• _Work to be completed_
Write every entry out again exactly, please, and skip the pictures.

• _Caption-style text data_
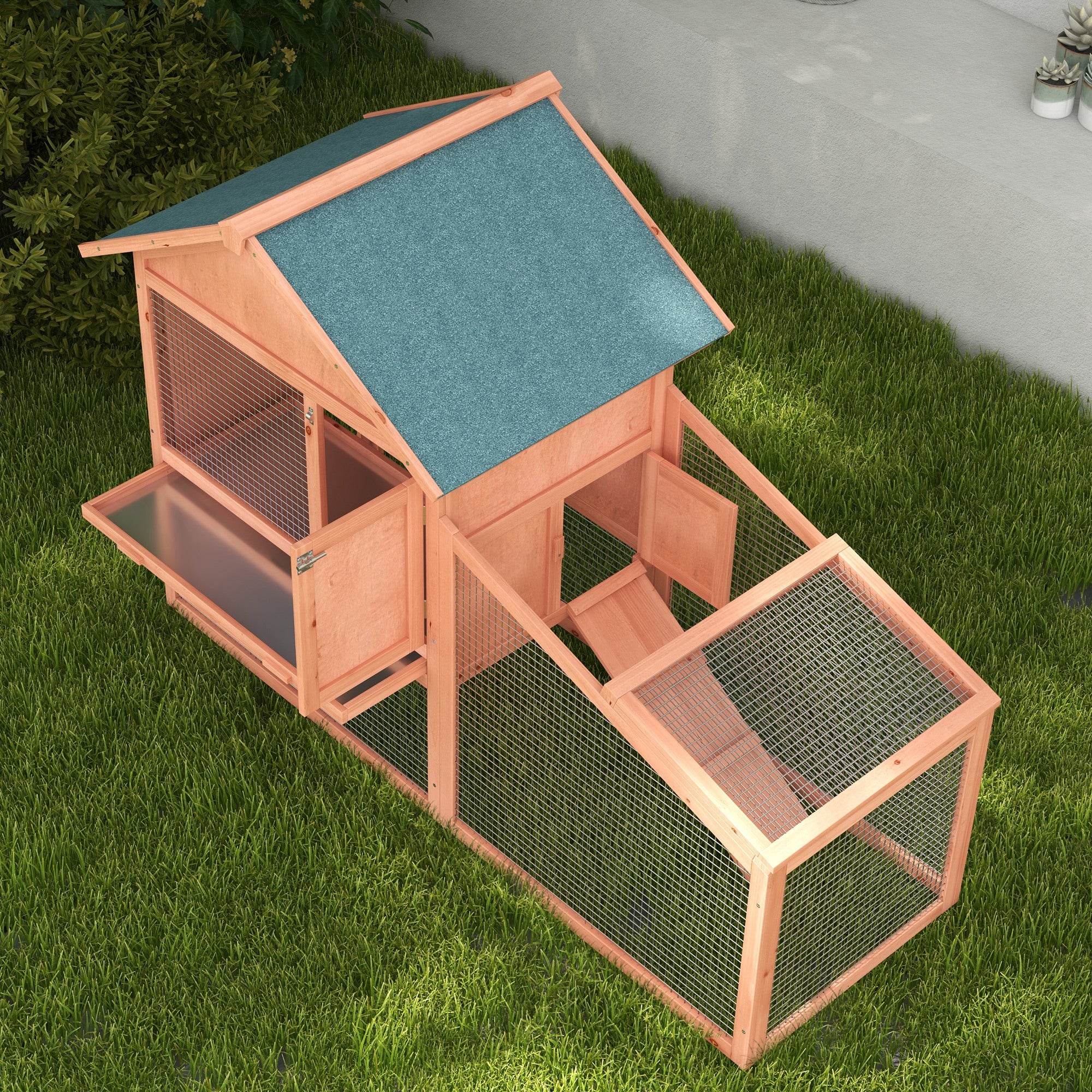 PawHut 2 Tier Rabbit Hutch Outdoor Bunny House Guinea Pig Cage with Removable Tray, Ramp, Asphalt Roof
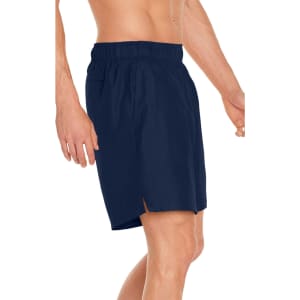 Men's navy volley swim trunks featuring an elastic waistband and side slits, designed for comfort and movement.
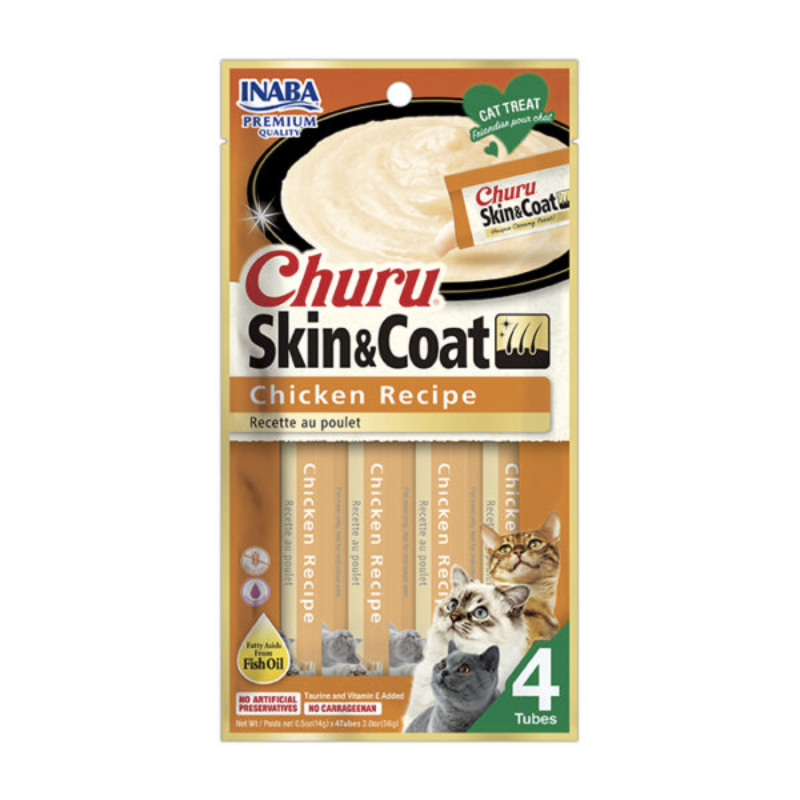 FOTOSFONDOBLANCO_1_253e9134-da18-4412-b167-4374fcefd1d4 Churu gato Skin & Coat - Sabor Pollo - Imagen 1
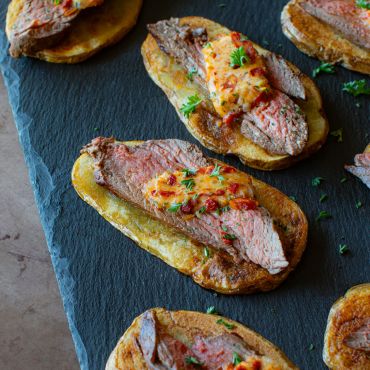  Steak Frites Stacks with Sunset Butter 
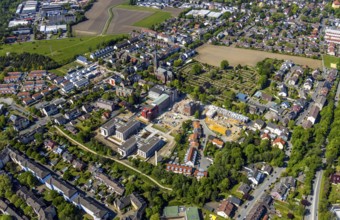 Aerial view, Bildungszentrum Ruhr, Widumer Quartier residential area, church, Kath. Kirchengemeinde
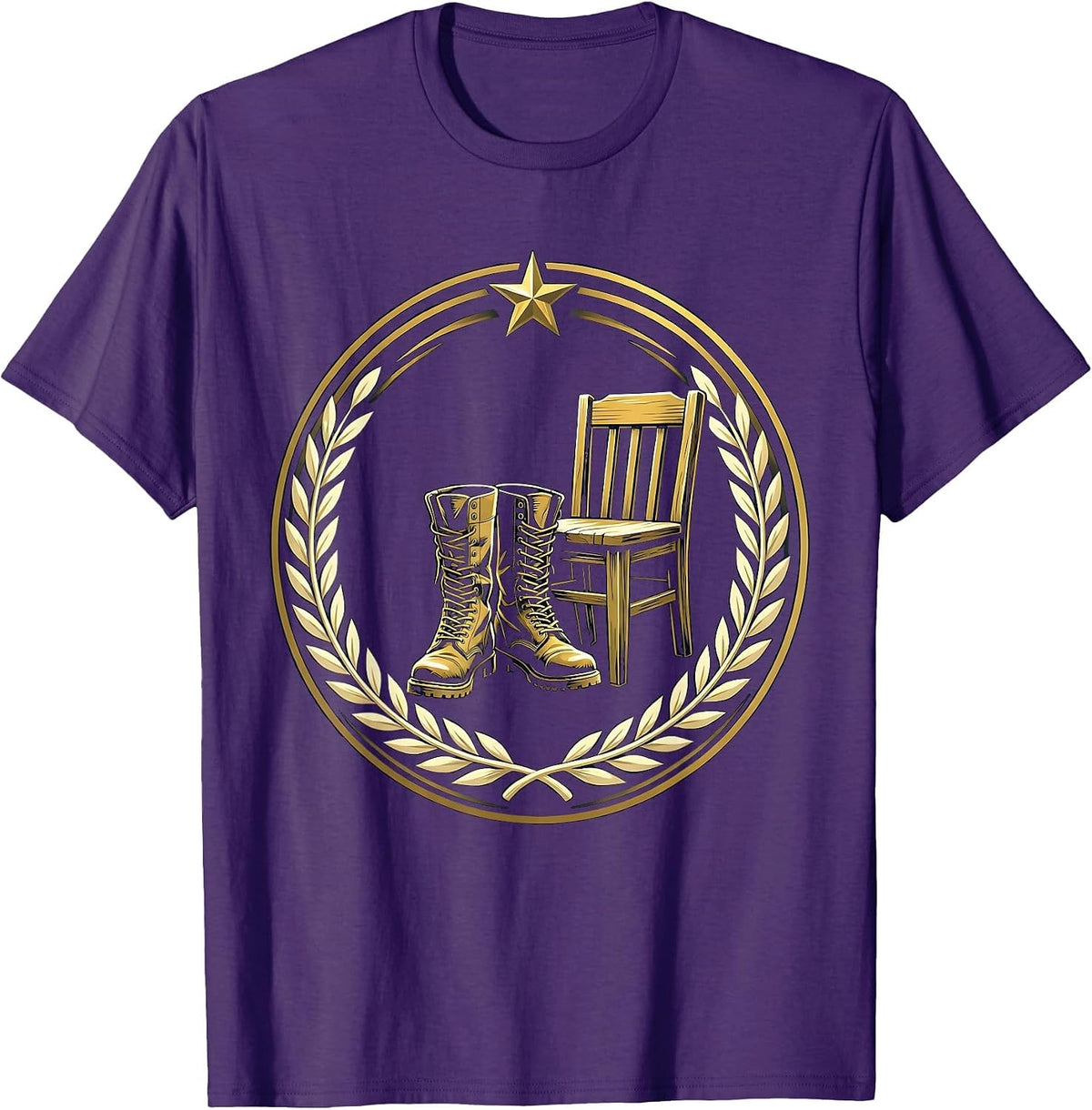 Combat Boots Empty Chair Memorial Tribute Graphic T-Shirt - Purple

• _Answer area_
 PawHut 2 Tier Rabbit Hutch Outdoor Bunny House Guinea Pig Cage with Removable Tray, Ramp, Asphalt Roof
 Men's navy volley swim trunks featuring an elastic waistband and side slits, designed for comfort and movement.
 FOTOSFONDOBLANCO_1_253e9134-da18-4412-b167-4374fcefd1d4 Churu gato Skin & Coat - Sabor Pollo - Imagen 1
  Steak Frites Stacks with Sunset Butter 
 Aerial view, Bildungszentrum Ruhr, Widumer Quartier residential area, church, Kath. Kirchengemeinde
 Combat Boots Empty Chair Memorial Tribute Graphic T-Shirt - Purple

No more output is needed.